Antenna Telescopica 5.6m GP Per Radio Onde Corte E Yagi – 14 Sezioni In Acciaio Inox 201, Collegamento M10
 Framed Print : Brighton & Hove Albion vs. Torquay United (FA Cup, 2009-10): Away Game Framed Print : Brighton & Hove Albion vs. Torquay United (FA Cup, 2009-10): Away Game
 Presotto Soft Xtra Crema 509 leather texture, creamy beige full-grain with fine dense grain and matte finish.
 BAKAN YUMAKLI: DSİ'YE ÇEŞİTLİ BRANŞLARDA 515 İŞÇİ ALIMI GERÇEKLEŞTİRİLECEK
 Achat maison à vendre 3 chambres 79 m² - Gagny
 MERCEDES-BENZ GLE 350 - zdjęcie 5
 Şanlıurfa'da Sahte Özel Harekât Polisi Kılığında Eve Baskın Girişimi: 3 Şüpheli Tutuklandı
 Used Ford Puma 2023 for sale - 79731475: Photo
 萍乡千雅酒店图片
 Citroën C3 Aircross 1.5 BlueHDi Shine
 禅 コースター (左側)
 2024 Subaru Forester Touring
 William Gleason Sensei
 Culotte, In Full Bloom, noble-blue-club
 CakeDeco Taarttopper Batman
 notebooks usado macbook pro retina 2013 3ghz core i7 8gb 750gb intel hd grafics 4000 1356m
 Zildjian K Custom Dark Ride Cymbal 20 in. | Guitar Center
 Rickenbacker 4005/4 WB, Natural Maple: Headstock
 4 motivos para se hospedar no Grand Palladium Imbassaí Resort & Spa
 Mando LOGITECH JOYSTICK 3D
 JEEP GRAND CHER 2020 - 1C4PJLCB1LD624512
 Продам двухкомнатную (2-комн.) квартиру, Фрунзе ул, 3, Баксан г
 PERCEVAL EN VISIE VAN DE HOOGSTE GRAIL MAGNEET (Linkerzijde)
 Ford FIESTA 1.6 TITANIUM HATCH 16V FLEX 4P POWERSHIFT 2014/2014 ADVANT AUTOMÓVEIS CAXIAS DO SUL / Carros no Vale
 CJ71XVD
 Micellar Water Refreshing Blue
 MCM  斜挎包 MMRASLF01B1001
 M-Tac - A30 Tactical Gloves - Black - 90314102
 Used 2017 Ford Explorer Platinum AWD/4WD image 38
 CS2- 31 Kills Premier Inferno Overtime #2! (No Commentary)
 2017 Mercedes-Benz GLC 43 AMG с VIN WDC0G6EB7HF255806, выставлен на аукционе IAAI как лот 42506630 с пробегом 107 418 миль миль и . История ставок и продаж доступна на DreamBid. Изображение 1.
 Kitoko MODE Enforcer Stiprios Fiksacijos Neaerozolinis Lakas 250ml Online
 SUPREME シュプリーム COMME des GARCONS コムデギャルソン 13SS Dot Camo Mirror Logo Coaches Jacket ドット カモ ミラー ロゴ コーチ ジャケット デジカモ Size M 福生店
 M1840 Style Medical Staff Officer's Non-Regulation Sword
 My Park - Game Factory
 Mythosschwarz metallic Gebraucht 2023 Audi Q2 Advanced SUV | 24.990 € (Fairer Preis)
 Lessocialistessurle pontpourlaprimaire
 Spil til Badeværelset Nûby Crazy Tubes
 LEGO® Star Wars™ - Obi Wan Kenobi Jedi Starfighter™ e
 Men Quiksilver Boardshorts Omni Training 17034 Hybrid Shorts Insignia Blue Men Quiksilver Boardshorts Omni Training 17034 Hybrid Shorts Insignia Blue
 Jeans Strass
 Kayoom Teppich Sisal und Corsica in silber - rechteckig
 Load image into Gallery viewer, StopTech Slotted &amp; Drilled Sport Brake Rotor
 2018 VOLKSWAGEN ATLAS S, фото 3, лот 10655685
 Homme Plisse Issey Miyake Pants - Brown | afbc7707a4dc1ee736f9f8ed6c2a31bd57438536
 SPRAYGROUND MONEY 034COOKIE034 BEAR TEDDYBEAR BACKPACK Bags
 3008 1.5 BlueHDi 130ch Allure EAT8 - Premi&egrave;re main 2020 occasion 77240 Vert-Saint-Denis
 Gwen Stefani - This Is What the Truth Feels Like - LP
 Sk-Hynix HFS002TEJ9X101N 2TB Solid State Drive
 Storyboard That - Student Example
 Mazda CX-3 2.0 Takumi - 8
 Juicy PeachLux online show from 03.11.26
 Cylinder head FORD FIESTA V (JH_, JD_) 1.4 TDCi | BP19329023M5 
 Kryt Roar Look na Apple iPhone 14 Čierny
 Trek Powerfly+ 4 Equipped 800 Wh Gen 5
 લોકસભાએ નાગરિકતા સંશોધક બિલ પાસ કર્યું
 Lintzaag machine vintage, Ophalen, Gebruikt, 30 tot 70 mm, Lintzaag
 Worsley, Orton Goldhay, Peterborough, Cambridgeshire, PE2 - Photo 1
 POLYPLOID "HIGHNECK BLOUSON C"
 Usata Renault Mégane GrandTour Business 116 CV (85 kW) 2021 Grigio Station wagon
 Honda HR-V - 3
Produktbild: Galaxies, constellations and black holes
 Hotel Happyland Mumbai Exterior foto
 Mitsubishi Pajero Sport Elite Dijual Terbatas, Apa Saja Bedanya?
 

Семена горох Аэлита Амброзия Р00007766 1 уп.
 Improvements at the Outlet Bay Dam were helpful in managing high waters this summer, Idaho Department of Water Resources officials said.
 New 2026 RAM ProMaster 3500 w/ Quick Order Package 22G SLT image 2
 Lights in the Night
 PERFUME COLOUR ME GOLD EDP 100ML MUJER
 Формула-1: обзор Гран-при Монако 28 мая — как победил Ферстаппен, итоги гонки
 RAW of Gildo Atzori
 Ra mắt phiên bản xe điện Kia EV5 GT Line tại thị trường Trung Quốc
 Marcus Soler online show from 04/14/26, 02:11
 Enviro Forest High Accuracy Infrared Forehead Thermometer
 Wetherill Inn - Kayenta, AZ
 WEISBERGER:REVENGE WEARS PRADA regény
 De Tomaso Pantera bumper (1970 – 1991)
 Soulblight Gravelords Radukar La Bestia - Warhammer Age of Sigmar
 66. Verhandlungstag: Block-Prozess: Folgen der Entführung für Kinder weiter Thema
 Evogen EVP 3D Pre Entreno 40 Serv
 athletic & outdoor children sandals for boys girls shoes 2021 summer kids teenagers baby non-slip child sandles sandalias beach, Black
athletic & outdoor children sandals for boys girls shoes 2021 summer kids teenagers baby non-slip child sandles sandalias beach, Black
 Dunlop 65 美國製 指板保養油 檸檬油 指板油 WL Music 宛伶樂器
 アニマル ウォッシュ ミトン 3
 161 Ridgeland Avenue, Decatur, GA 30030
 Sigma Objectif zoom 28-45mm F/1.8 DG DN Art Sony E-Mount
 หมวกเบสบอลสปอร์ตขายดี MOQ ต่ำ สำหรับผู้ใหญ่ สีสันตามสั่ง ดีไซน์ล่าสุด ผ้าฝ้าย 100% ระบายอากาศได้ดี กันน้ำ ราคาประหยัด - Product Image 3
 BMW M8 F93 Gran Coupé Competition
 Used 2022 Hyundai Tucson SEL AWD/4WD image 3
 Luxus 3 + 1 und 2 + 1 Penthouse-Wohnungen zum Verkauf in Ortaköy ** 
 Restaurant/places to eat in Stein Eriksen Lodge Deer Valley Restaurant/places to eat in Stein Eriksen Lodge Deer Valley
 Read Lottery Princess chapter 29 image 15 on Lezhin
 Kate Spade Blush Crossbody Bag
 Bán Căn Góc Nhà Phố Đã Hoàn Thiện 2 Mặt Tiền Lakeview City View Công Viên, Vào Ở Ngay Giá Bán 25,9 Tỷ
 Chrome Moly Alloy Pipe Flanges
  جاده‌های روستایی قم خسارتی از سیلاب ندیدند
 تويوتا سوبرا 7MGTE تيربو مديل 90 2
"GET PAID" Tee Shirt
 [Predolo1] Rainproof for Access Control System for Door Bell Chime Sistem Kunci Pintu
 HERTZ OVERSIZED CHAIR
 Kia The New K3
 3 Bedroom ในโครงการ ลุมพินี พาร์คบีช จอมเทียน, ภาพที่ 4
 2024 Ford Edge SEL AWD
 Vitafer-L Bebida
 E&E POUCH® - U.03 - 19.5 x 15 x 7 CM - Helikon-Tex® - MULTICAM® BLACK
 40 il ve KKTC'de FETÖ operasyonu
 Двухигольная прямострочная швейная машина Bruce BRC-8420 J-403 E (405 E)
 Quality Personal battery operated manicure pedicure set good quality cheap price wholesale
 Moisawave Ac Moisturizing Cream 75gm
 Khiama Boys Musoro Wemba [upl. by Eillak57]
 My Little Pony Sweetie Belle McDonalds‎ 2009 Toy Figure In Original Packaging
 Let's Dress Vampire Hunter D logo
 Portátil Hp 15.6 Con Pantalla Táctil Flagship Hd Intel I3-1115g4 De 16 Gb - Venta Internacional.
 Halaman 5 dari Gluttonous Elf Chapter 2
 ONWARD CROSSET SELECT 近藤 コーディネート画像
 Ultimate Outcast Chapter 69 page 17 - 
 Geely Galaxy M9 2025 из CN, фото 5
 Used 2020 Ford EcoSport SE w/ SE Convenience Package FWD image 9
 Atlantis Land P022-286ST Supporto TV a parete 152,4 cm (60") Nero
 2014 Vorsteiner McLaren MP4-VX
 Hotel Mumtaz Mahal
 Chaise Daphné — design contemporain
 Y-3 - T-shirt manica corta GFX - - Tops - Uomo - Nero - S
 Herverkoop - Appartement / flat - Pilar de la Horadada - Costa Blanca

────

**Description of the task**
Among the lines of the data, which ones contain the word "sandals"? Show them.

**Response for this exercise**
 athletic & outdoor children sandals for boys girls shoes 2021 summer kids teenagers baby non-slip child sandles sandalias beach, Black
athletic & outdoor children sandals for boys girls shoes 2021 summer kids teenagers baby non-slip child sandles sandalias beach, Black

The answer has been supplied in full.